はじめに
こんにちは!
この記事では、FTP(File Transfer Protocol)について、初心者の方にもわかりやすく解説します。
具体的には、本記事では以下の3つをわかりやすく解説していきます。
- FTPの基本的な概念
- WindowsサーバーでのFTP設定方法
- WinScp、コマンドプロンプトを使ったFTP接続の方法
FTPとは?
FTPは「File Transfer Protocol(ファイル転送プロトコル)」の略で、ネットワーク上でファイルを送受信するための仕組みです。
- パソコンからサーバーにファイルをアップロードしたり、
- サーバーから必要なファイルをダウンロードしたり
といったことが、FTPを使うことで簡単にできるようになります。

今回のゴールは、下記の通りです。
- Windows Server 2022でFTPサーバーを構築
- Windows 11 Enterpriseから接続して動作確認を行う
初心者の方にも可能な限りわかりやすく解説していきますので、一緒にやっていきましょう!
なお、今回はVirtual box上に上記windows検証環境を用意して、設定を行っていきます。もし、virtual boxを構築したことがない方は下記記事を参考にしてみてください。
Windows ServerでのFTPサーバー設定手順
IISとFTPサーバー機能のインストール
- IISとFTPサーバー機能のインストール
まずはサーバーマネージャーから、「役割と機能の追加」をクリック

そのまま「次へ」をクリック

「役割ベースまたは機能ベースのインストール」を選択し、「次へ」をクリック

対象のサーバーを選択します。選択したら「次へ」をクリック
※本ブログの場合は下記ホスト名のサーバーを選択しています。環境によって異なりますので
ご自身のサーバー名を確認した上で進めてください

サーバーの役割で「Webサーバー(IIS)」を選択。

「Webサーバー(IIS)に必要な機能を追加しますか?」と出たら「機能の追加」を選択。

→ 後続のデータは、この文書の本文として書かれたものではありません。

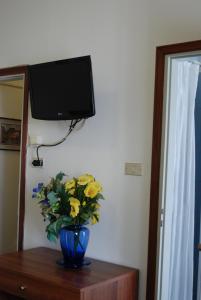 een vaas met bloemen op een tafel met een tv bij Hotel Tuscolano in Bologna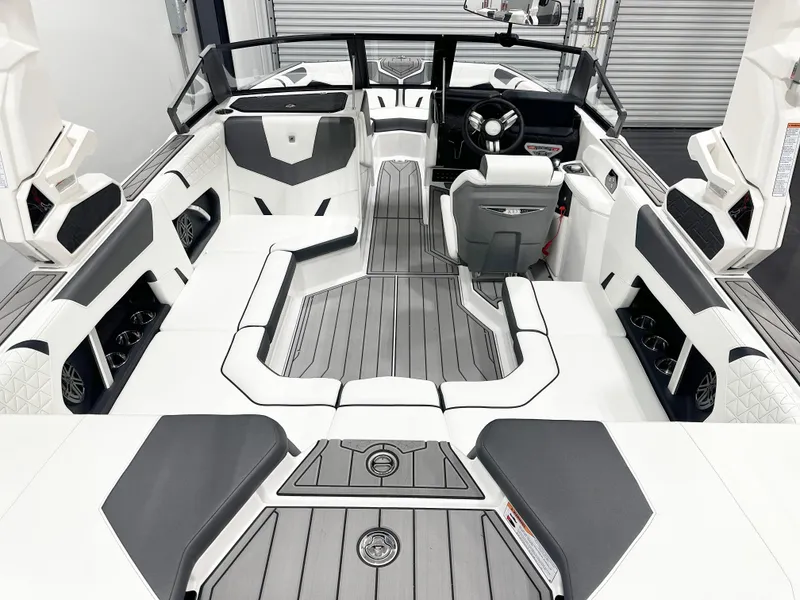Slide: The Image of 2025 Nautique GS20 boat interior with sleek, modern design and spacious seating. - 7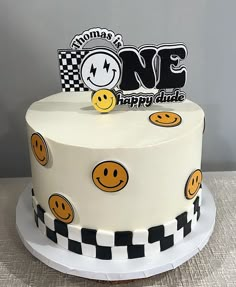 a birthday cake decorated with smiley faces and checkerboard design on the bottom layer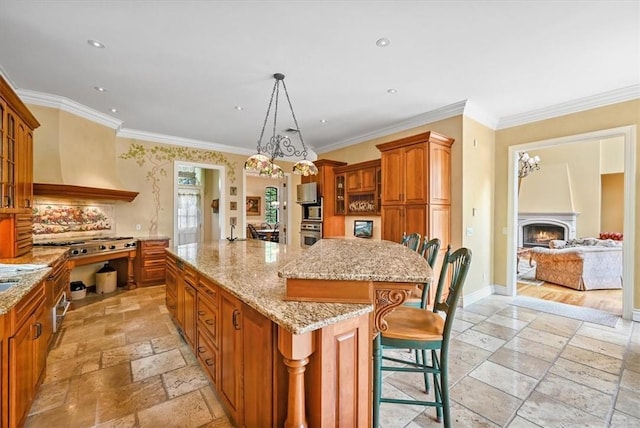 kitchen with a breakfast bar area, a large island, and ornamental molding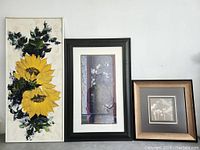 Front view showing three framed artworks: sunflower painting, vertical floral and bird print, smaller floral silhouette print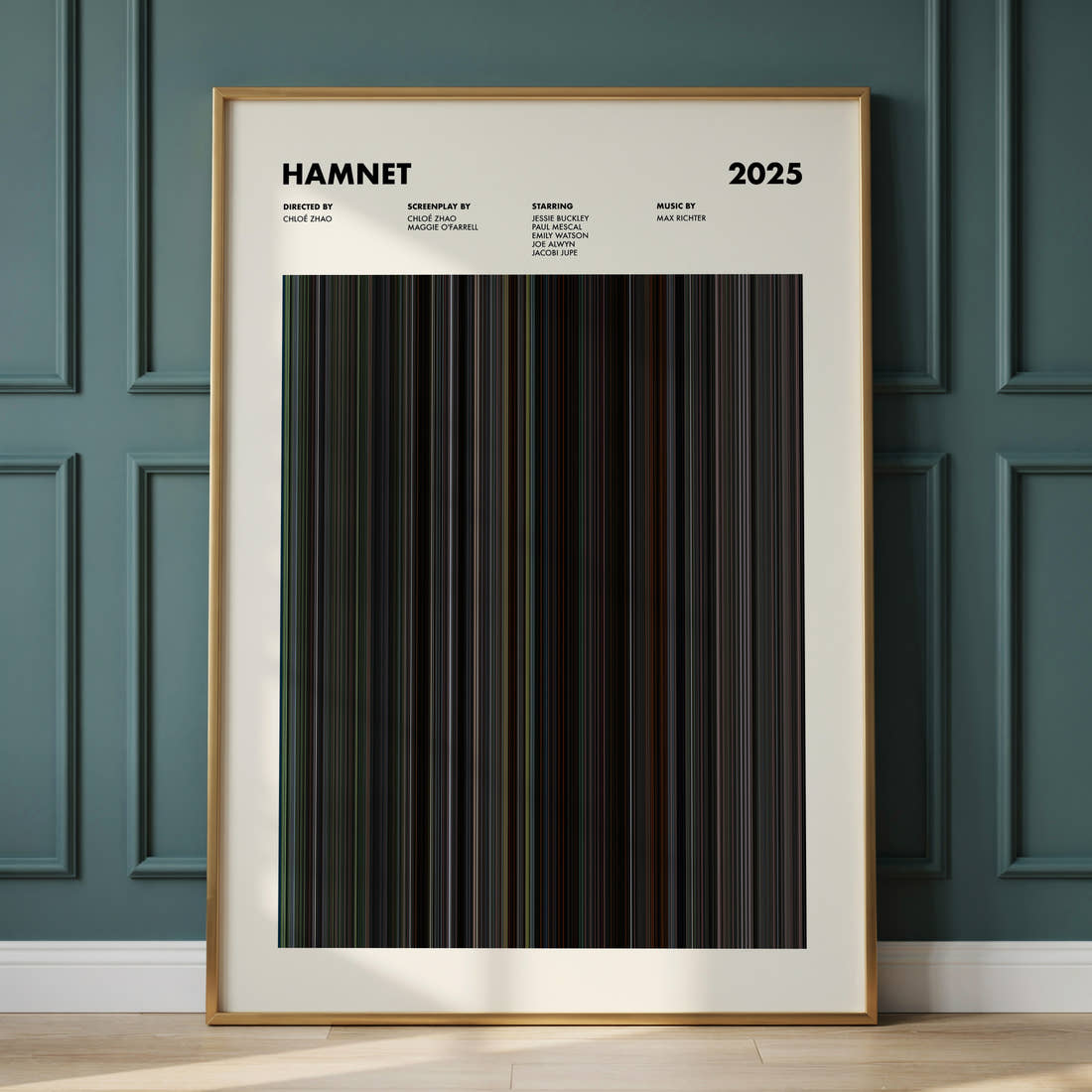 Hamnet Movie Barcode Poster framed and leaning against a panelled wall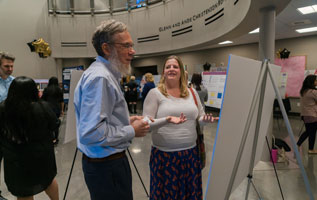 teachers-looking-at-posters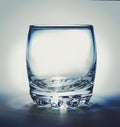 Empty glass with reflection on white background Royalty Free Stock Photo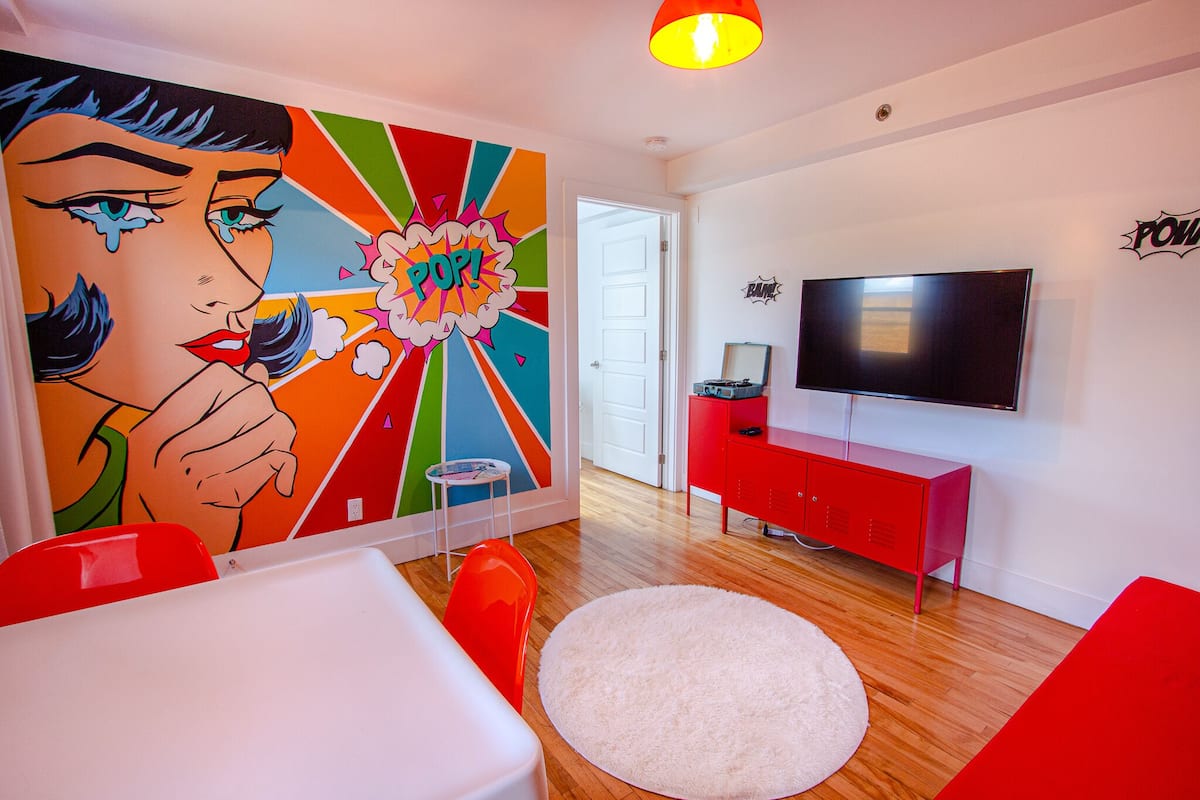 A modern living room with a vibrant pop art mural, a flat-screen TV, and a red cabinet.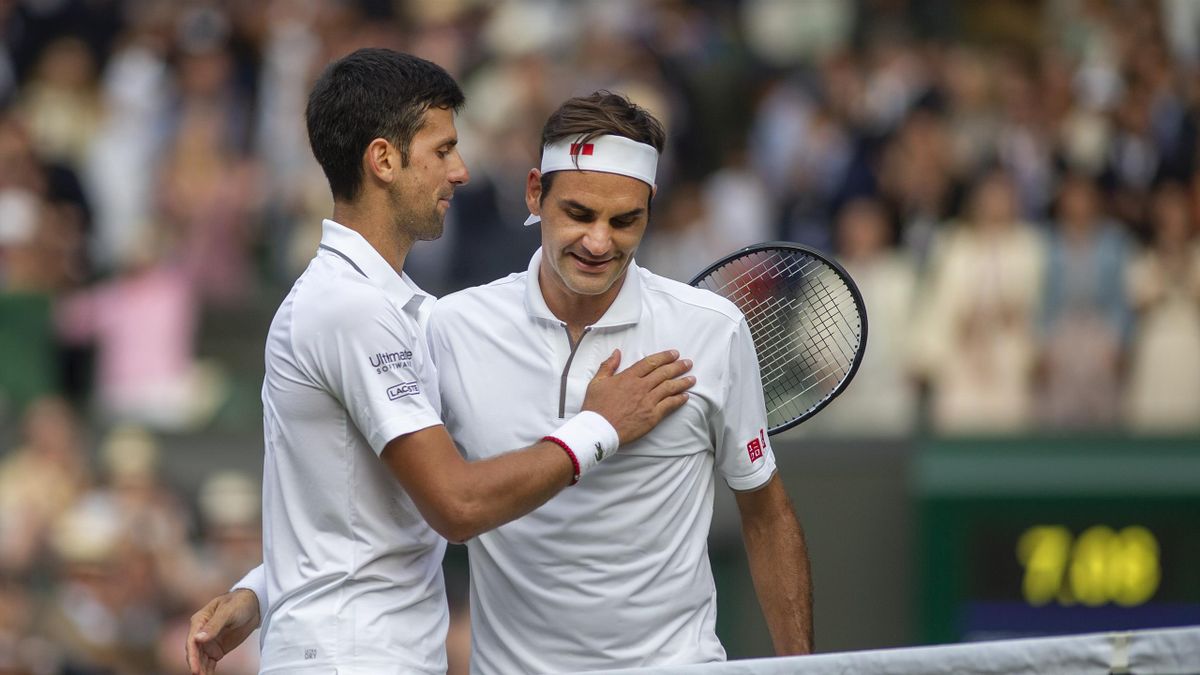 Roger Federer of Switzerland congratulates Novak Djokovic of Serbia at the net after his victory during the Men's Singles Final on Centre Court during the Wimbledon Lawn Tennis Championships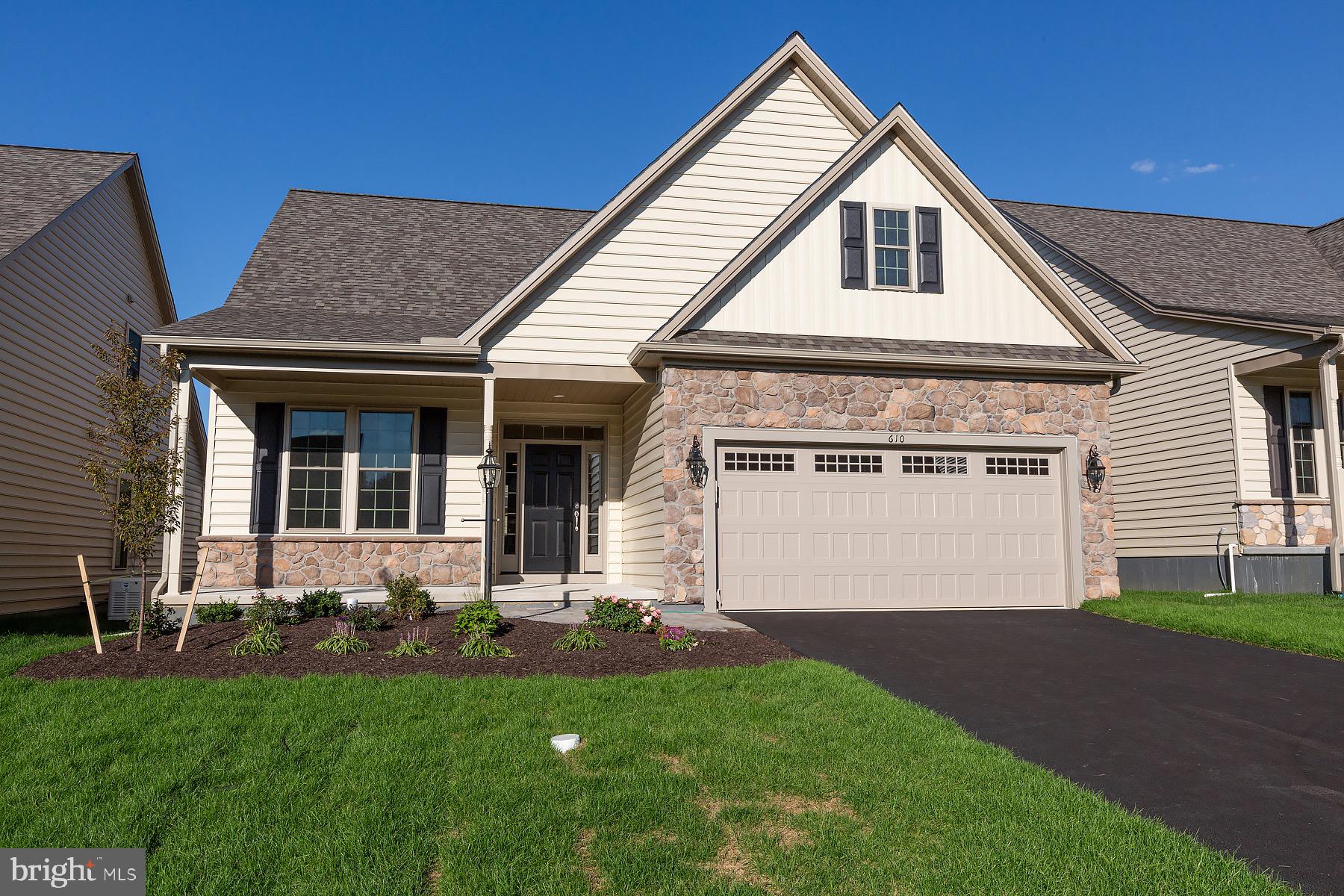 Our final quick delivery homes are perfect for an easy move. This popular Lexington II model with optional front porch is ready for you and includes three bedrooms, three baths, a 2nd floor loft, and an unfinished full basement. Features include luxury vinyl plank throughout first floor, a great room with a gas fireplace, a beautiful kitchen w/stainless and quartz, a sunroom which opens onto the patio. Your primary bedroom suite has a en-suite bath with tile shower, a double vanity and a spacious walk-in closet. Honeycroft Village is sidewalk community with lamp posts and street lights, a clubhouse with a fitness center & indoor pool for your year round enjoyment. Outdoor community vegetable gardens, bocce ball court, horse shoes & lots of groups & activities. Come see why so many have chosen to live their best life at Honeycroft Village. Located in Southern Chester County, close to farm stands, vineyards, Longwood Gardens and so much more.
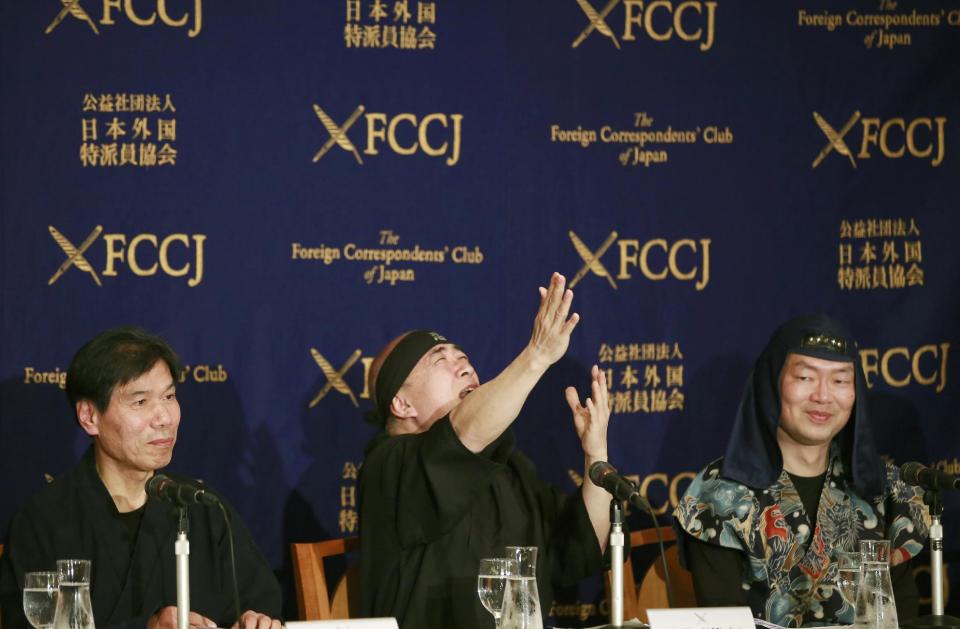 Japan Ninja Council vice chairman Hiroshi Mizohata, center, gestures as ninja scholar Junichi Kawakami, left, and Mie University Prof. Yuji Yamada smile during a press conference at Foreign Correspondents' Club of Japan in Tokyo, Wednesday, Feb. 22, 2017. The Japan Ninja Council, a government-backed organization of scholars, tourism groups and businesses, said that it's starting a Ninja Academy to train people in the art of ninja, and building a new museum in Tokyo devoted to ninja, hooded samurai-era acrobatic spies, set to open in 2018. (AP Photo/Shizuo Kambayashi)
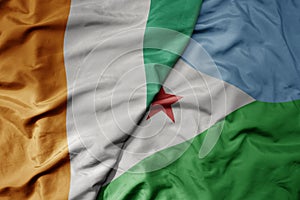 big waving national colorful flag of cote divoire and national flag of djibouti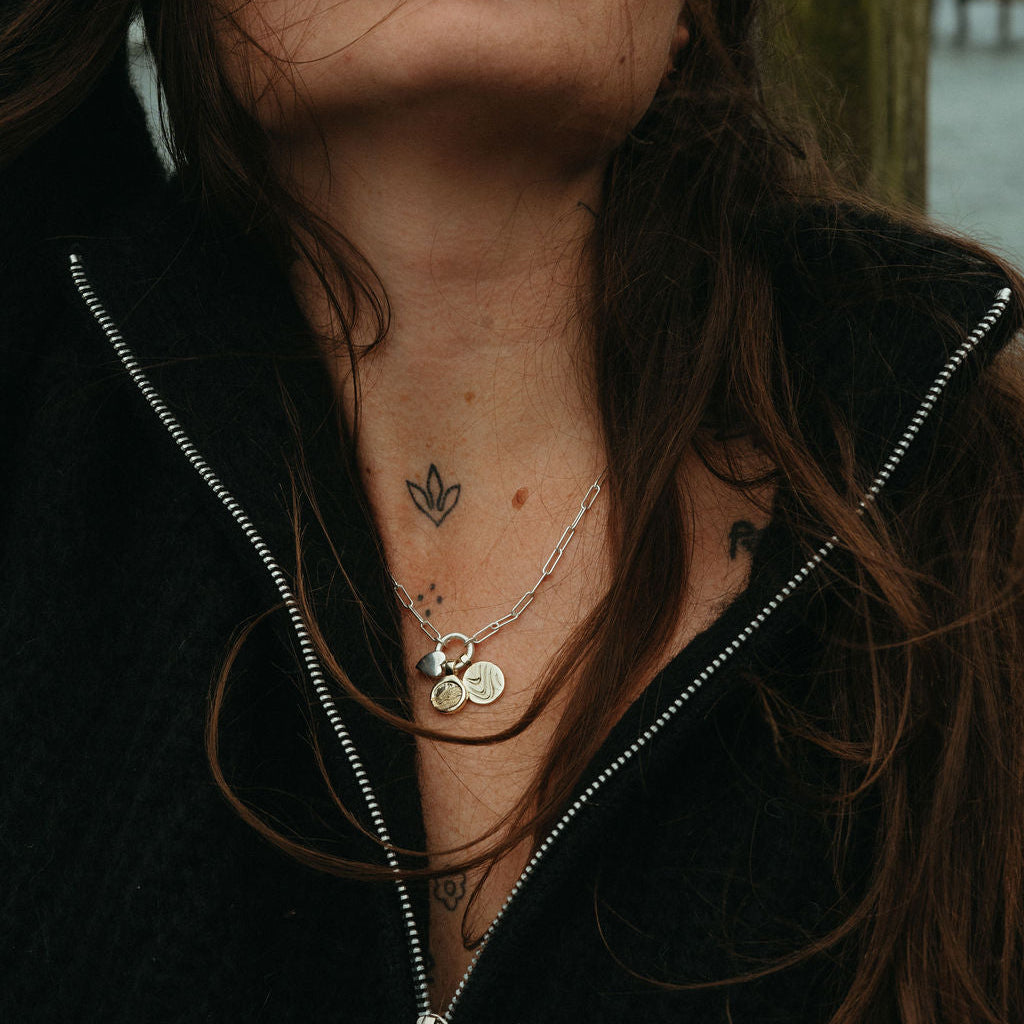 Person with long hair and necklaces against a blurred background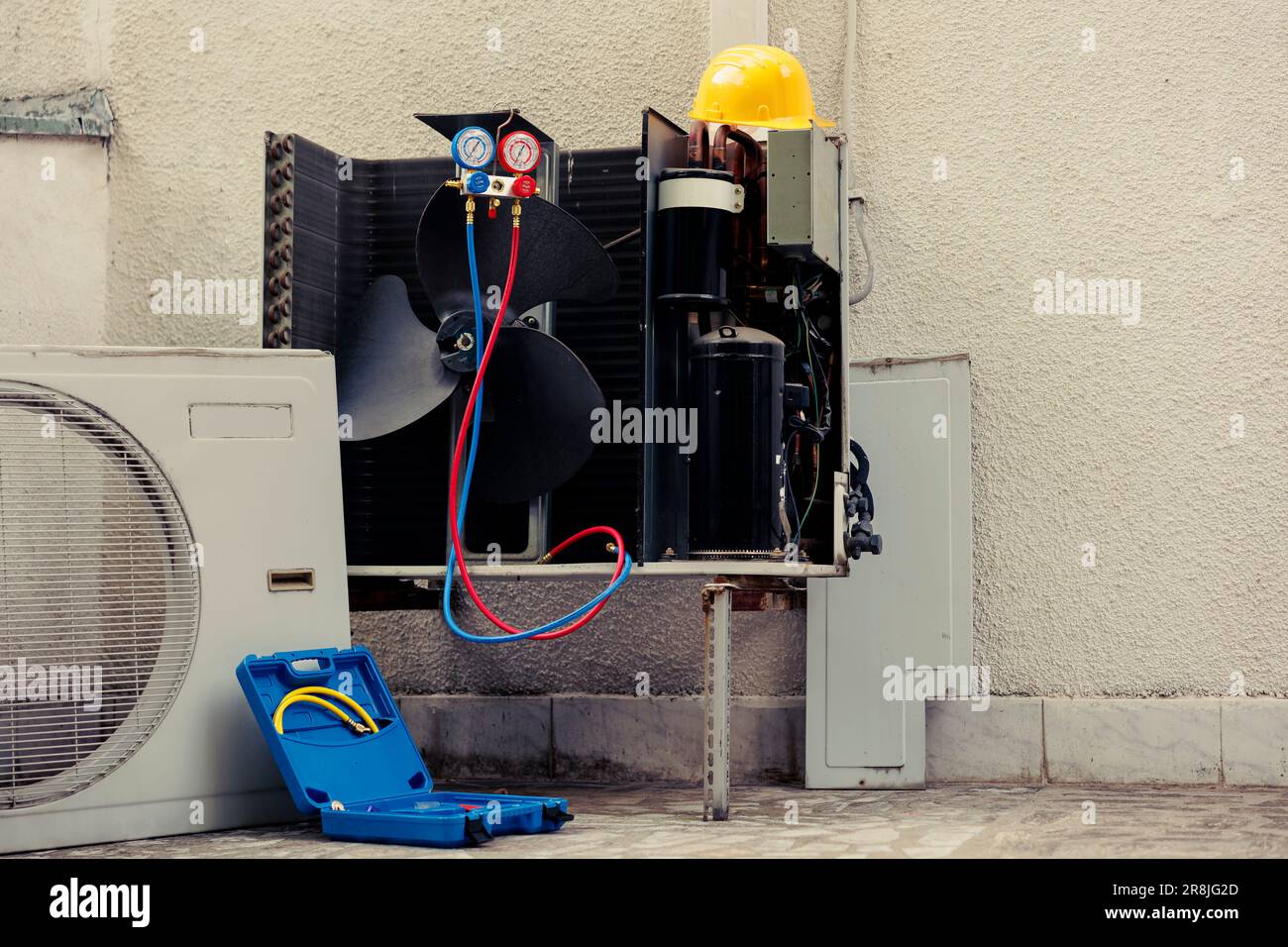 Broken external air conditioner unit with protection cover removed in need of repair, with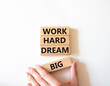 © Natallia - Work and dream symbol. Wooden blocks with words Work Hard Dream Big. Beautiful white background. Businessman hand. Business and Work Hard Dream Big concept. Copy space.
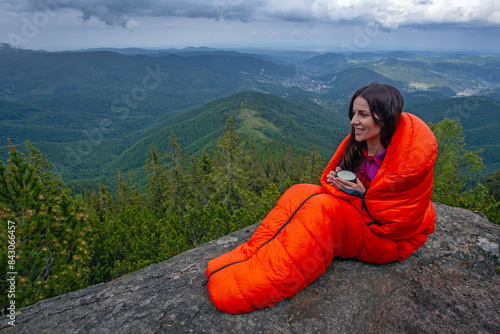 Woman tourist in orange sleeping bag with coffee cup on the rock in Carpathian mountains photo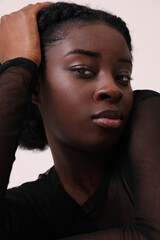 Vertical Indoor portrait of confident African American woman looks at camera.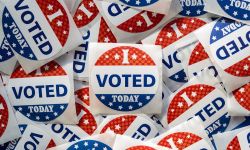 Top view of pile of Voting stickers. The stickers are red, white and blue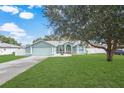 Light teal house with a white fence, landscaping, and a large tree in the front yard at 5112 Teather St, Spring Hill, FL 34608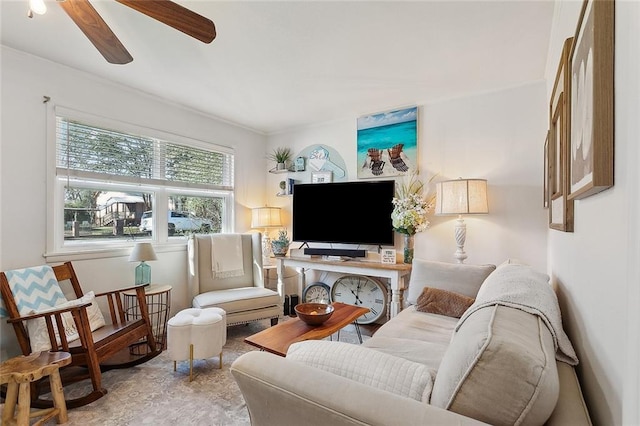 living area featuring ceiling fan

「機能の追加」をクリックすると、IISにチェックが入りますので、「次へ」をクリック。

機能の選択では、特に追加の必要がなければそのまま「次へ」。

「Webサーバーの役割(IIS)」画面ではそのまま「次へ」。

「役割サービスの選択」で下記のチェックを入れます:
- FTP サーバー
- FTP サービス
※FTPサーバーにチェックを入れると、FTPサービスも自動でチェックが入ります。

内容を確認して「インストール」で完了です。

インストールの進行状況が表示されます。

「インストールが正常に完了しました」と表示されればOKです!

インストールが完了したら、IISが正しく動作しているか確認しましょう。
ブラウザを開いて、アドレスバーに「http://localhost」と入力します。
下記のようなIISのスタート画面が表示されれば、Webサーバー機能が正常に動いています。

FTPユーザーの作成
FTP接続には、Windows Server側で認証されるローカルユーザーが必要です。
「ファイル名を指定して実行」(Win+R)で compmgmt.msc と入力し、Enter。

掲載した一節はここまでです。